PPC64 VSX load/store instructions in stubs

Thu May 19 23:46:05 UTC 2016

Hi Martin

Thank you for reviewing the webrev.

> We could use a static variable for the default dscr value. It could be modified in VM_Version::config_dscr() and used by your restore code (load_const_optimized(tmp1, ...) instead of li(tmp1, 0)).

Absolutely, resetting DSCR to the default value (zero) is not right.

I did as you suggested and created a static variable modified and
initialized from VM_Version::config_dscr(). Then I used it to get the
current value of DSCR, set only the pre-fetch as deepest, and restore
its previous value.

> - The PPC-elf64abi-1.9 says: "Functions must ensure that the appropriate bits in the vrsave register are set for any vector registers they use. ...". I think not touching vrsave is the right thing for AIX and ppc64le, but I think we will either have to skip the optimization on ppc64 big endian or handle vrsave. Do you agree?
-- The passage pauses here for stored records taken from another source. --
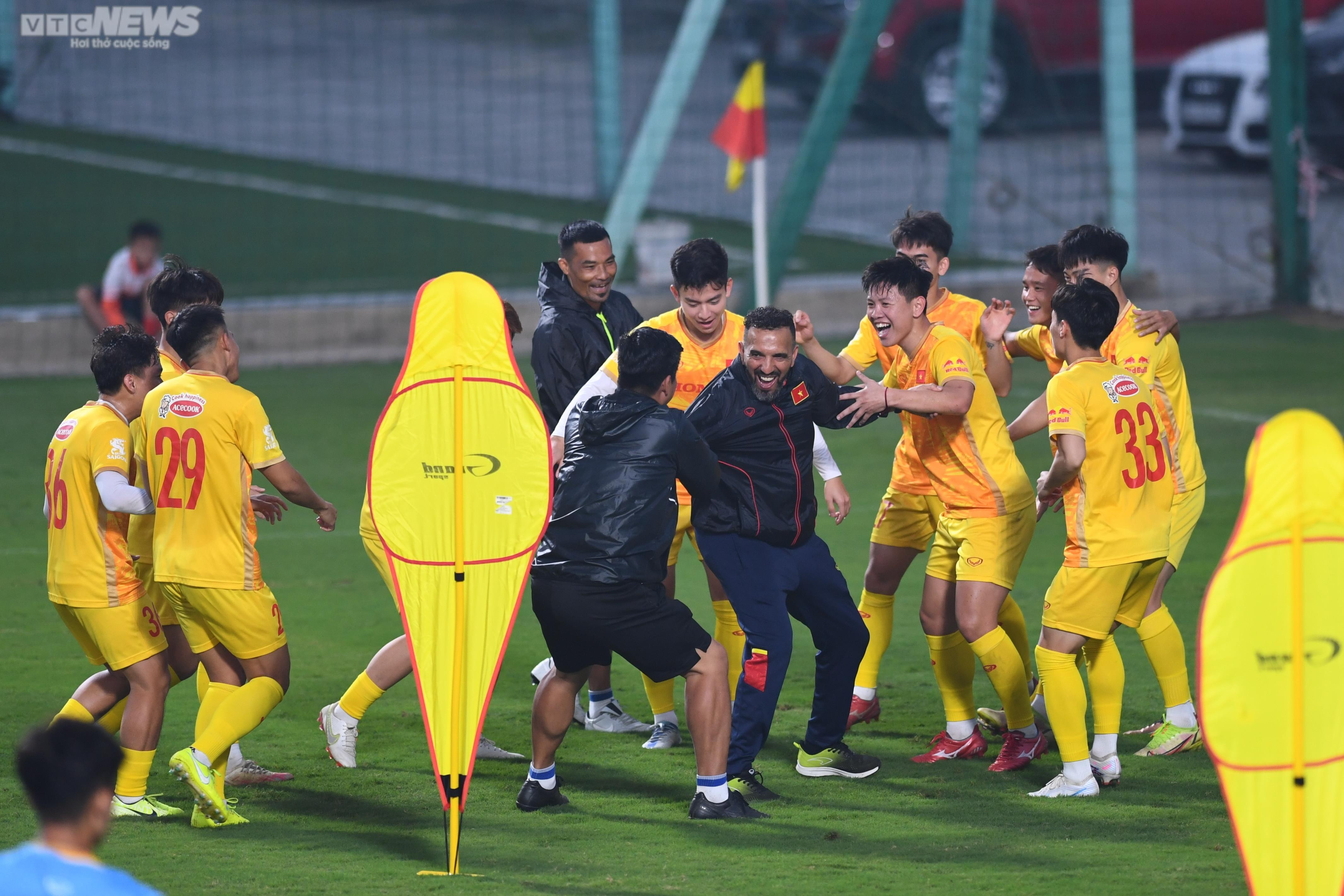 HLV Hoàng Anh Tuấn 'dự giờ', U23 Việt Nam tập bài lạ của ông Troussier - 8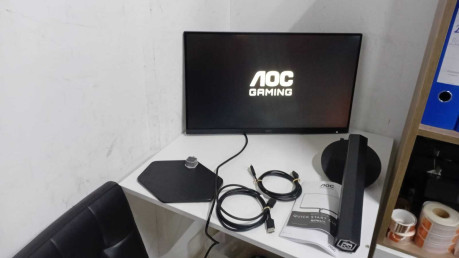 AOC Q27G4ZR 27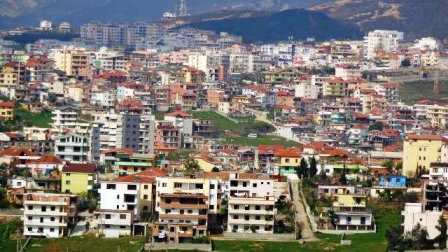 Hapen aplikimet per tokat e zena nga ndertimet pa leje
About the VRSAVE register, you are right, but there is a confusing here
and it's my fault: I'm not using the VMX registers.
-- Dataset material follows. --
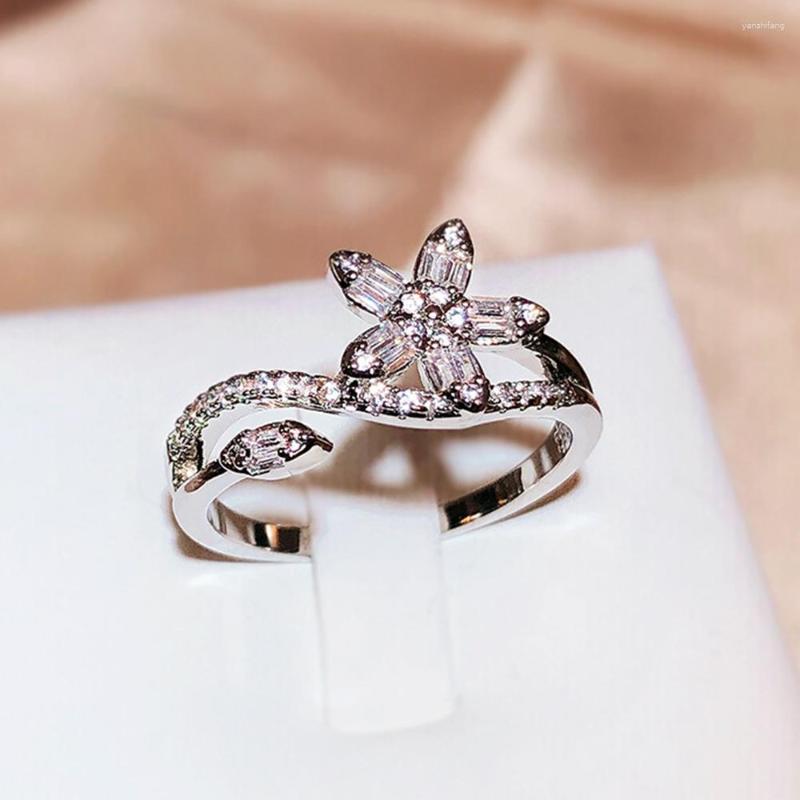 Cluster Rings WPB Advanced Women Shiny Flower Ring Curve Female Luxury Jewelry Bright Zircon Design Girl Gift Party
Cluster Rings WPB Advanced Women Shiny Flower Ring Curve Female Luxury Jewelry Bright Zircon Design Girl Gift Party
In my code I've used the VSX load/store instructions with a
VectorRegister type, i.e. VR0 and VR1. It's OK if we look at the
assembled instructions because, in the end, VR0 and VR1 will be
converted to target (or source) registers number 0 and 1. But it's VSX
registers 0 and 1 (VSR0 and VSR1) and not VMX (aka Altivec) registers
0 and 1 (VR0 and VR1).

There is indeed a relationship between VSR and VR registers, as
we can see in the following diagram adapted from [1]:

       .---------------------------------.
VSR( 0)|     FPR(0)     |                |
VSR( 1)|     FPR(1)     |                |
  ...  |      ...       |                |
  ...  |      ...       |                |
VSR(30)|     FPR(30)    |                |
VSR(31)|     FPR(31)    |                |
VSR(32)|              VR(0)              |
VSR(33)|              VR(1)              |
  ...  |               ...               |
  ...  |               ...               |
VSR(62)|              VR(30)             |
VSR(63)|              VR(31)             |
       '---------------------------------'
        0                             127

However VMX registers VR0-31 are mapped to VSX VSR32-63 registers,
and so we can use VSR0 and VSR1 (although they are also mapped to FPR,
FPR0-13 are volatile). Thus actually in my code I was using VSR0 and
VSR1 and not VR0 and VR1. Thus as VRSAVE only corresponds to
VMX/Altivec registers (VR0-VR31), there is not need to take care of
VRSAVE. I fixed the registers names/types in this new webrev.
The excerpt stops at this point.